An industry like no other, with profit margins to rival Google 

 

….. Scientists create work under their own direction – funded largely by governments – and give it to publishers for free ….. it is as if the New Yorker or the Economist demanded that journalists write and edit each other’s work for free, and asked the government to foot the bill. Outside observers tend to fall into a sort of stunned disbelief when describing this setup. A 2004 parliamentary science and technology committee report on the industry drily observed that “in a traditional market suppliers are paid for the goods they provide”. A 2005 Deutsche Bank report referred to it as a “bizarre” “triple-pay” system, in which “the state funds most research, pays the salaries of most of those checking the quality of research, and then buys most of the published product”.

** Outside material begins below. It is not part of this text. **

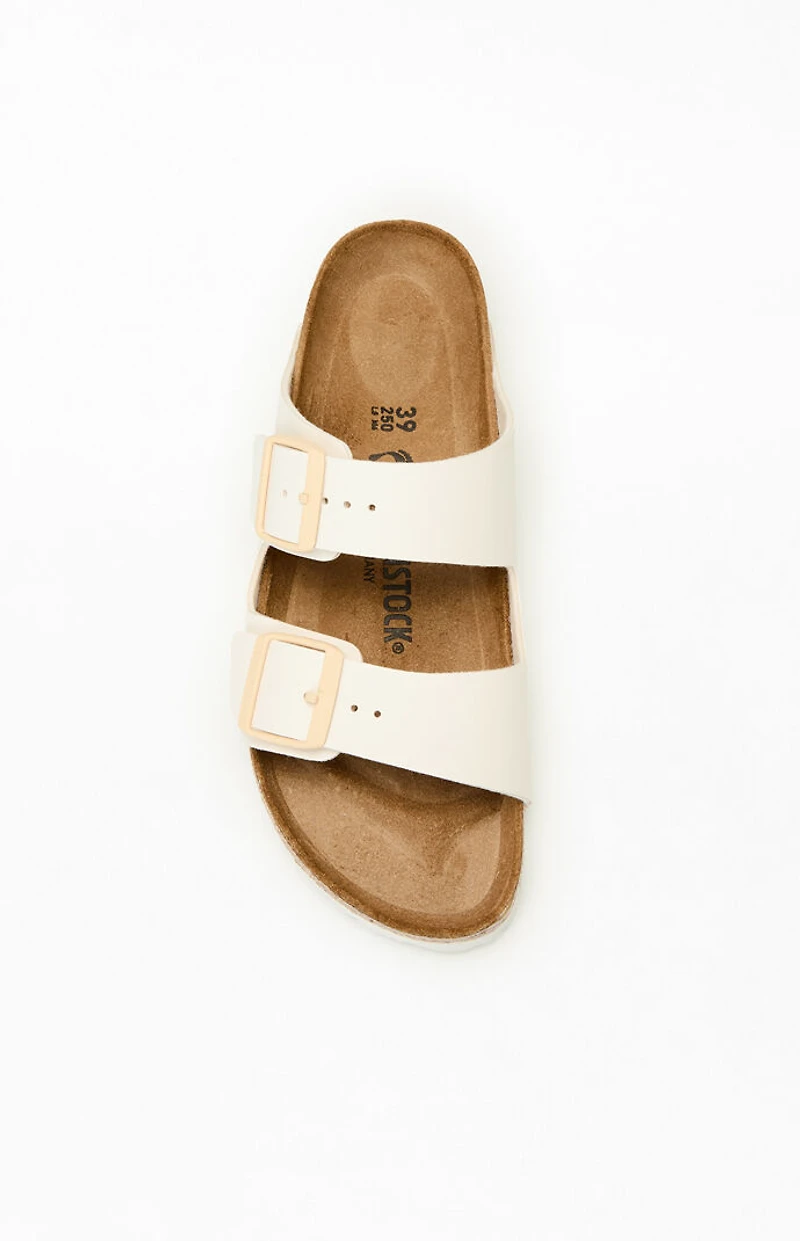 Birkenstock Women's Arizona Slide Sandal Cream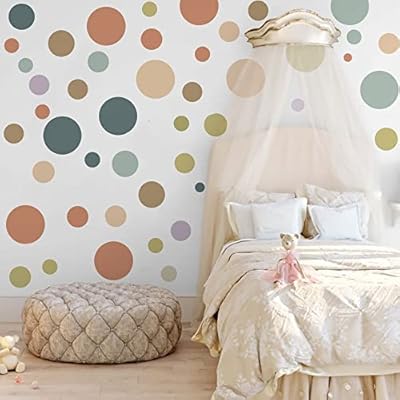 Runtoo Pegatinas de Pared Puntos Stickers Adhesivos Vinilo Lunares Etiqueta Redonda de Círculo Decorativas Infantiles Dormitorio Salon Habitacion Bebe | Ya disponible en tu tienda friki favorita! En mundofriki.es!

Scientists are well aware that they seem to be getting a bad deal. The publishing business is “perverse and needless”, the Berkeley biologist Michael Eisen wrote in a 2003 article for the Guardian, declaring that it “should be a public scandal”. Adrian Sutton, a physicist at Imperial College, told me that scientists “are all slaves to publishers. What other industry receives its raw materials from its customers, gets those same customers to carry out the quality control of those materials, and then sells the same materials back to the customers at a vastly inflated price?” (A representative of RELX Group, the official name of Elsevier since 2015, told me that it and other publishers “serve the research community by doing things that they need that they either cannot, or do not do on their own, and charge a fair price for that service”.)

In a 2008 essay, Dr Neal Young of the National Institutes of Health (NIH), which funds and conducts medical research for the US government, argued that, given the importance of scientific innovation to society, “there is a moral imperative to reconsider how scientific data are judged and disseminated”.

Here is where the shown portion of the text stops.